Thanksgiving was actually derived from an ancient English yearly pagan harvest celebration, completely separate from the more solemn religious "days of thanksgivings" act practiced by the Church of England without any particular date. While the two eventually merged, the fact remains that our more modern celebration (the family gatherings, the large meals) are definitely more 'harvest home' than Puritan; and the cornucopia a pagan symbol more steeped in Roman and Greek mythology than any Christian religious text.
Still, the 'first Thanksgiving' was indeed a real event, a shared autumnal feast between early Plymouth colonists and the Wampanoag Indians. However, it was a celebration of a good harvest after a tough and dangerous winter. And while glory to God was undoubtedly given, that was hardly the main event.
Glutton for Punishment
The Bible, in fact, frowns upon any sort of thanksgiving that simply focuses on one big meal a year. "Rejoice always, pray without ceasing, give thanks in all circumstances; for this is the will of God in Christ Jesus for you" writes Paul in (1 Thessalonians 5:16 18).
Then there's the whole gluttony issue.
It's bad enough we seem to focus so much of our thanks on one Pilgrim-inspired holiday, but then the fact we do it by serving turkey, mashed potatoes and gravy, stuffing, scores of casseroles, and liberally-buttered dinner rolls, topped off with cranberry sauce, pumpkin pie and every brand of craft beer and wine imaginable, to the point of literal comatose, scores us no points with Proverbs 23:21:
"For the drunkard and the glutton will come to poverty, And slumber will clothe them with rags."
The meaning is clear. Over-indulgence, and the lethargy that comes with that, leads to ruin. And lest we forget that gluttony is one of the seven deadly sins. Gluttony not only leads to the sort of gross over-indulgence depicted in Proverbs 23:21, but also denies the needy food and creates needless waste.

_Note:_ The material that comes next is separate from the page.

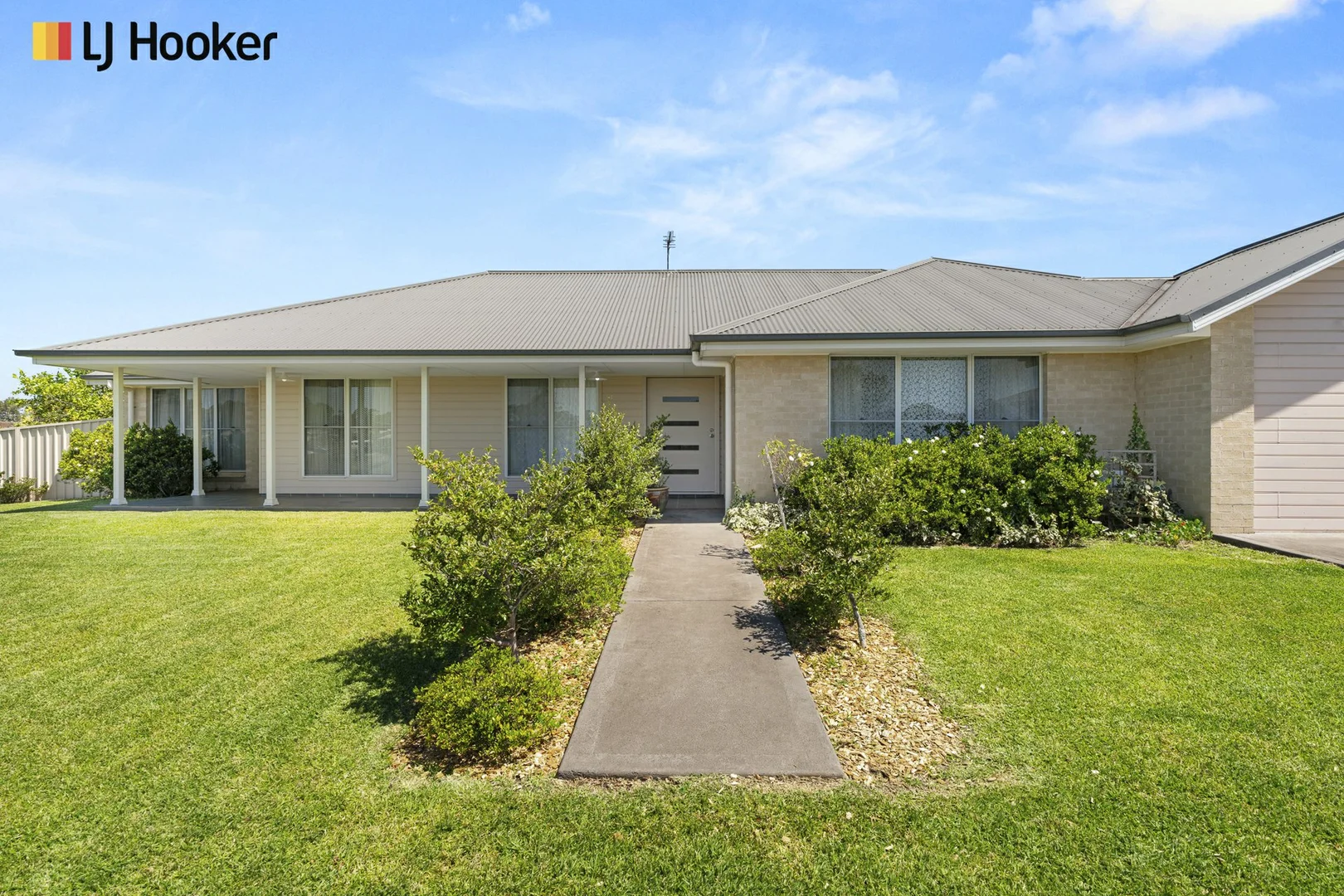 Additional image 2 of 1 Blue Bell Way, Worrigee NSW 2540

You can see where all this is going. God frowns upon the notion of excess. And for too many of us, Thanksgiving has become more a celebration of food and a reason to stuff our face than an actual giving of thanks.
All Things in Moderation?
Of course, there are plenty of Christian defenses of Thanksgiving, and not everyone thinks that one day of over-indulgence a year is a sin. A piece by Religion News Service says that all of the positivity associated with Thanksgiving - love of family, togetherness, building joyous memories - is worthy of a mulligan on the gluttony front. It's the rest of the year we should be worried about, says Brevard College professor Mary Louise Bringle. "Sitting around the table at a feast is not a gluttonous act, sitting in front of the television gobbling potato chips is."
The larger sin at hand, she says, is the failure to recognize God's role in providing you sustenance. To fail to recognize His hand in your meal. "Eating too much," she says, "is [only] a small part of gluttony."

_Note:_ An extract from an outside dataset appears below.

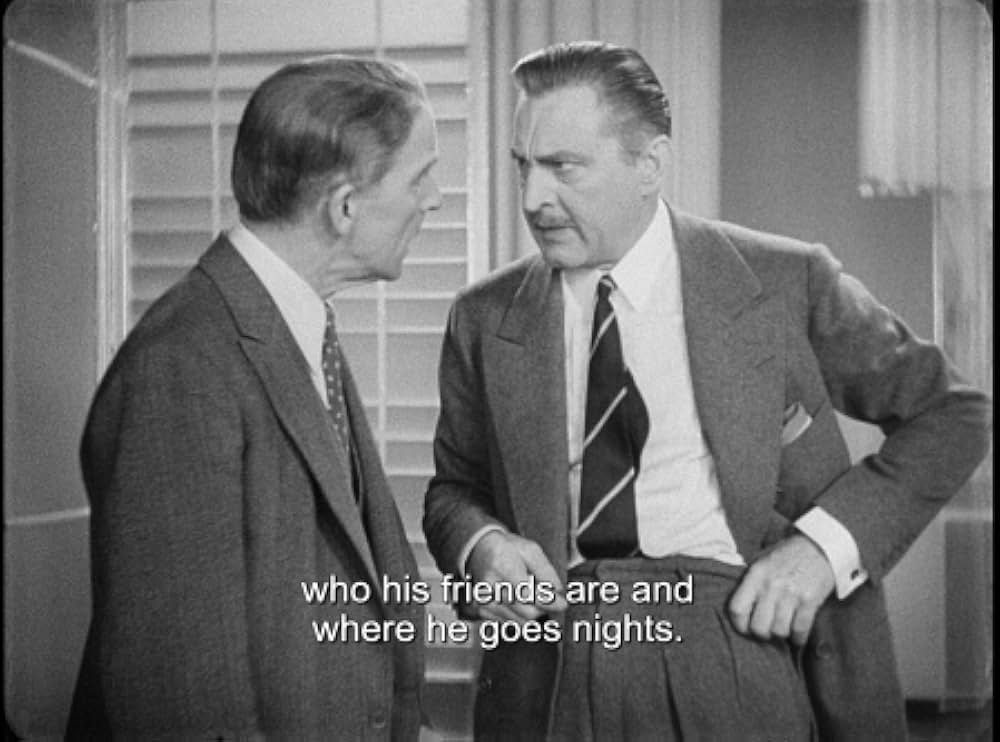 巨人登場の画像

She argues that its the other 364 days of the year we need to be watching out for. One big meal, celebrated joyously amongst family, isn't a sin. It's when we take our excessive desires into our daily lives that it becomes a problem.
Food for Thought
As the Apostle Paul said, the human body is God's temple. Isn't clogging your temple's arteries and expanding your temple's gut an affront against God? On the other hand
Given that many of us so rarely get to sit down with our families and enjoy a large meal in loved ones' company, can't we get one holiday where we're allowed to over-indulge a bit? Can we just count our blessings on Thanksgiving, and save counting our calories for another day?
What do you think? Does God really approve of Thanksgiving dinner and all the overindulgent excess that goes with that? Or is reinforcing our family bonds and breaking bread with those we love enough that we can get a pass - for one day, at least?